To be as ridiculously blunt as I can: while you’d never know it by reading this issue, the Surfer is in fact an inordinately complex individual, both in concept and design and especially in character. He’s slaughtered billions for the sake of saving the millions he wished saved; he may not have been in his right mind when he did this, but he still has to live with the memory of these actions, and while he’s sworn to continually do good to atone for his past, he’s also a free-spirit in the most frustrating sense of the term, refusing to lay down roots or allow any particular set of beings to be his sole or even primary care. He’s a self-sufficient, self-centered, irresponsible, self-made pariah with no emotional center and yet a desire to be a very willing Christ-figure to pretty much anyone in the universe in hopes of absolving himself of his apparently never-ending guilt. He’s a rebel in search of a cause, though none will ever do for him what only he alone can do for himself.

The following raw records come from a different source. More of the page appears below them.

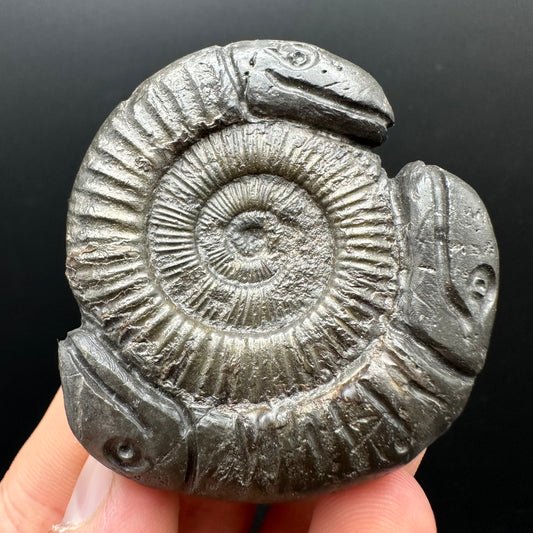 Hydra Snakestone Ammonite Fossil With Bag/Box And Stand - Whitby, North Yorkshire Jurassic Coast Yorkshire Fossils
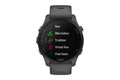 Garmin Forerunner 255 Smart Sports Watch (Slate Grey, 46mm)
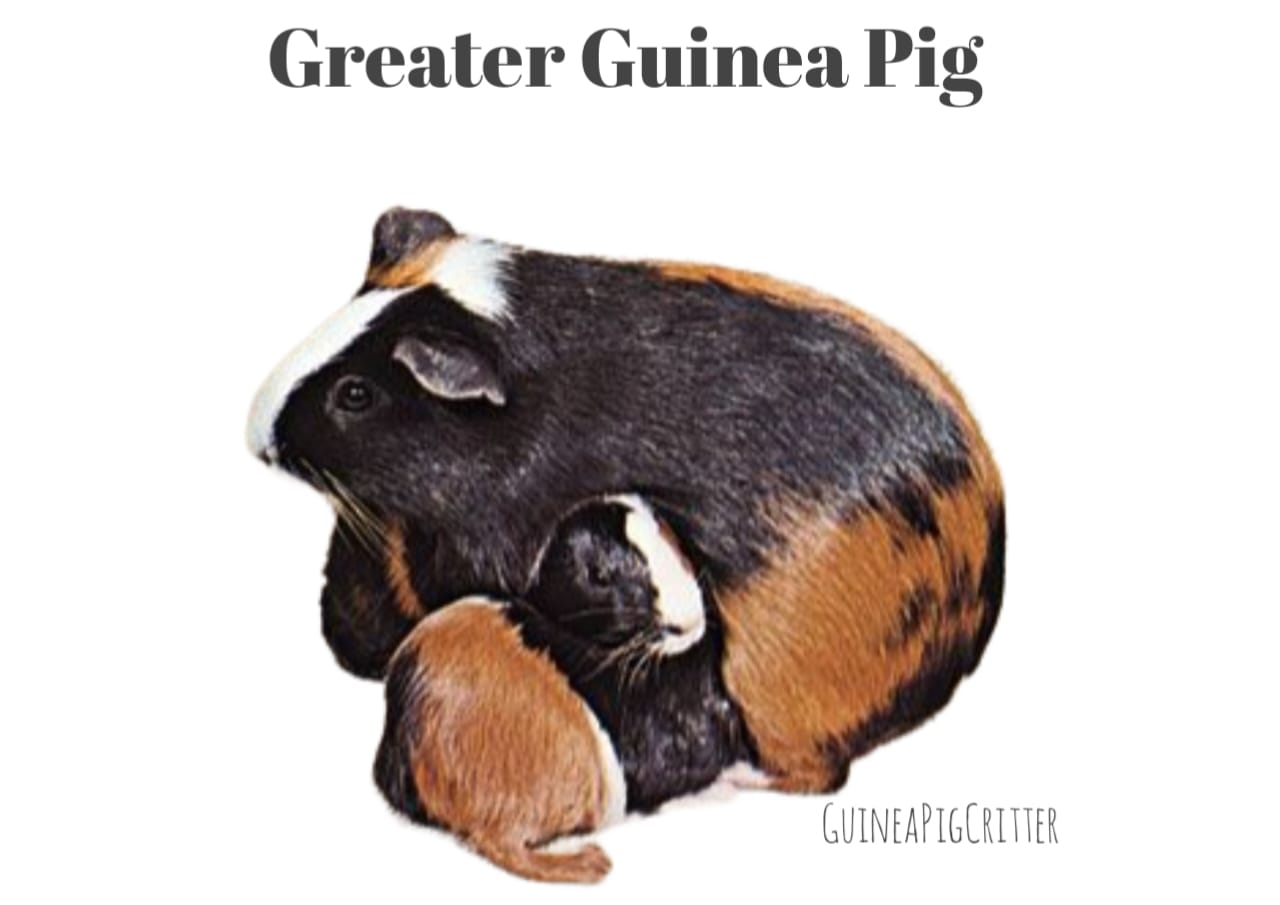 greater guinea pig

Unfortunately, the Surfer in Requiem is like reading about the adventures of the actual Jesus via a Sunday School-sponsored cartoon: he’s a quiet, peaceful, understanding, flawless being that compares his approaching death to butterflies and smiles to the heavens when he speaks of this upcoming demise. His friends (the Fantastic Four, whom he’s fought beside maybe a dozen times sporadically) are shattered to the point of inconsonance when they hear that he might soon pass on, Sue even going so far as to "Cry in that way where it just falls like water, like she’d been crying all day, like she might never, ever stop crying again." I don’t think she cried that much when she thought her own husband had died, but I guess the Surfer just has that effect on people. It looks to be that the entire Requiem series will be more of this same, with issue #2 spotlighting Spider-Man, who I suppose will wax poetic on the people he’s lost and the guilt/regrets of his own, likely drawing on the many Spider-plots Straczynski himself has penned over the past few years.

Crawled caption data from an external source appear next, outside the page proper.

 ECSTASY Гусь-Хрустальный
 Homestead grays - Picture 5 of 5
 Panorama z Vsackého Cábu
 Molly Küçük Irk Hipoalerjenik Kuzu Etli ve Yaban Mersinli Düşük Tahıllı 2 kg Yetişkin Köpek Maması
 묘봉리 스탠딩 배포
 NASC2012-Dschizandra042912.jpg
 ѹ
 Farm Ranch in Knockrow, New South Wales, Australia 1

For those hard-core Surfer fans that wouldn’t dream of missing a single issue of anything Silver Surfer no matter what the quality, the good news is that the jaw-dropping art by Esad Ribic is nearly enough to buy the issue for despite the story. His fully painted pages are magisterial to the extreme, presenting the title character with all the glory and grandeur that such a figure so richly deserves. There’s an unflinching and undeniable sense of god-like pathos within a solid, real and recognizable world. It’s an ingenious, skillful blend of the mundane and the majestic and it just plain works wonders for the Surfer, both for the character and the unique world of big-and-small he inhabits.

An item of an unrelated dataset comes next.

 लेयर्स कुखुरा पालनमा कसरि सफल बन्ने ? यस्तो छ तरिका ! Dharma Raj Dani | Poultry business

I’d buy a poster based on nearly any one of Requiem’s panels, but I don’t think I’d read the second issue if Marvel paid me $3.99. Not only is the very concept hard to swallow – what with the renewal of power the Surfer seems to undergo at Galactus’ hands every few years or so – but the treatment of it is insultingly cursory, consisting of Reed Richards himself passingly spouting how "advanced" the Surfer’s shell is and how there’s nothing he can do and then it’s all just accepted after that. No reason, no rhyme, just whatever it takes to get to the point, which is disappointingly nothing more than the Surfer tearfully journeying to make peace with many major Marvel super-heroes before he "dies" (which, let’s face it, he won’t, or else maybe this story simply won’t ever be an official part of any continuity that matters). It’s the worst Surfer story I’ve ever read, though admittedly the prettiest.